[Crawled caption data]
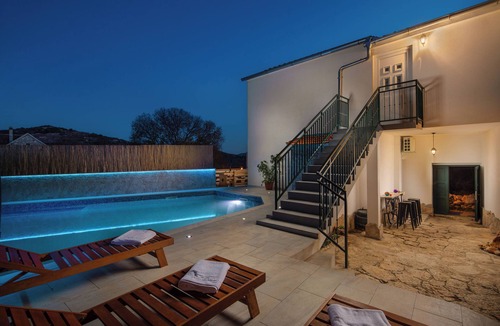 Primosten Burnji House | Holiday Residence Danica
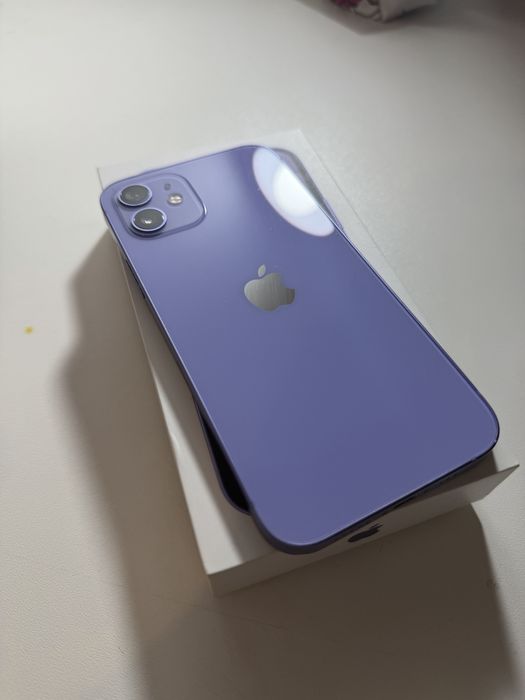 Iphone 12 в идеальном состояний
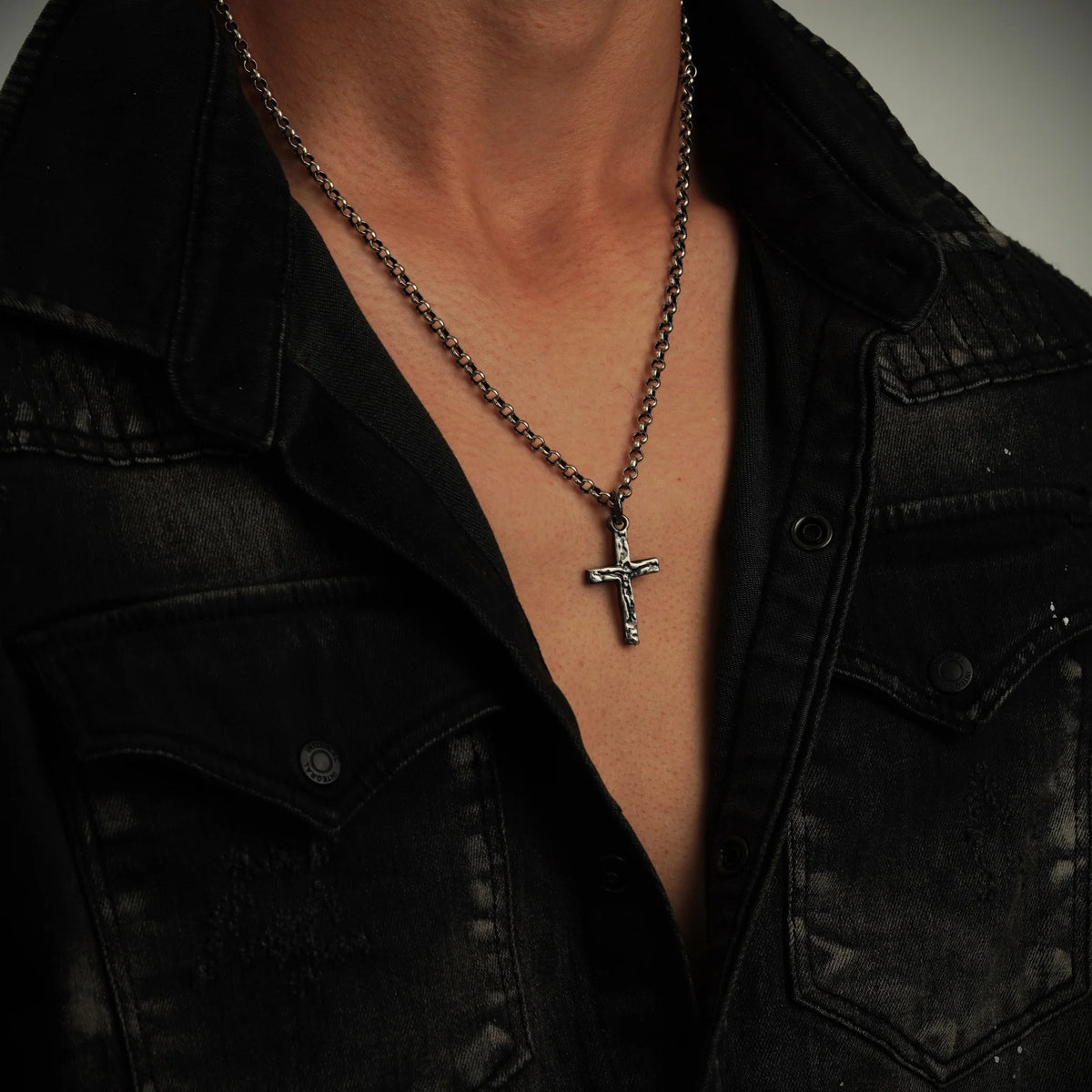 „Kreuzigung“-Kreuzanhänger für Herren aus 925er Sterlingsilber mit Jesus Christus – handgefertigt | Art Diva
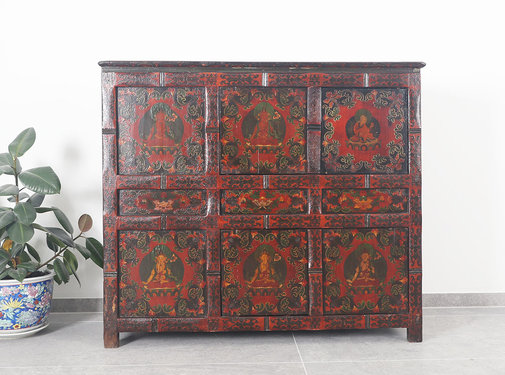 Yajutang Tibetan chest of drawers figure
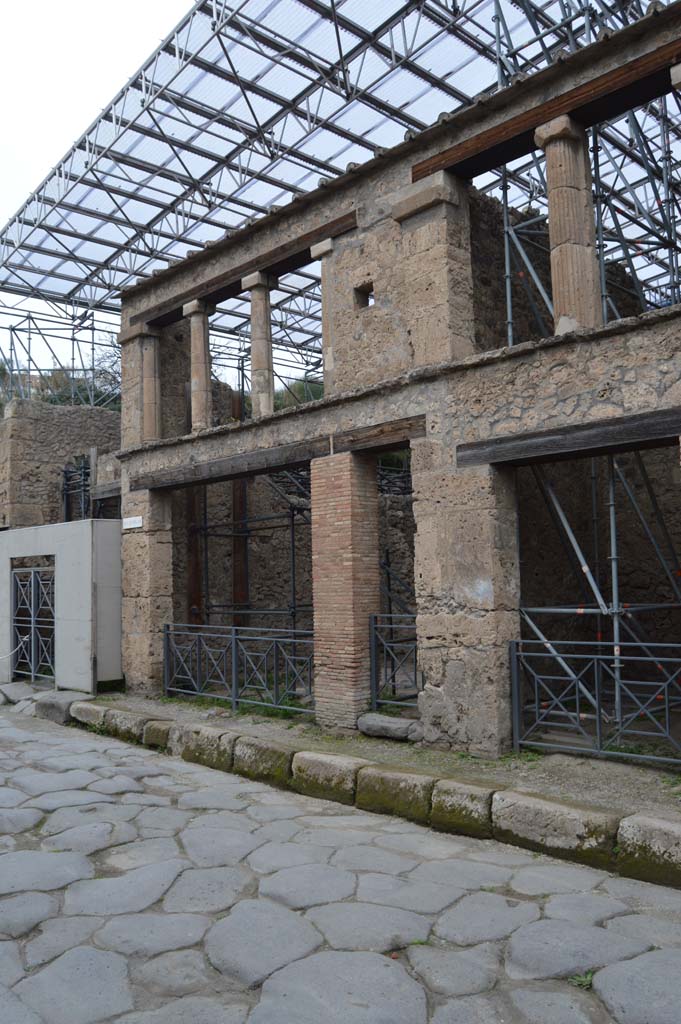 IX.12.1 Pompeii, centre left, and IX.12.2, centre right. March 2018.
Looking north-west to entrance doorways and upper floor.
Foto Taylor Lauritsen, ERC Grant 681269 DÉCOR.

» YOUR GOAL
From the line that contains "Looking north-west to" down to the final line of the entries, print every line exactly as it is, and only those lines.

» RESPONSE
Looking north-west to entrance doorways and upper floor.
Foto Taylor Lauritsen, ERC Grant 681269 DÉCOR.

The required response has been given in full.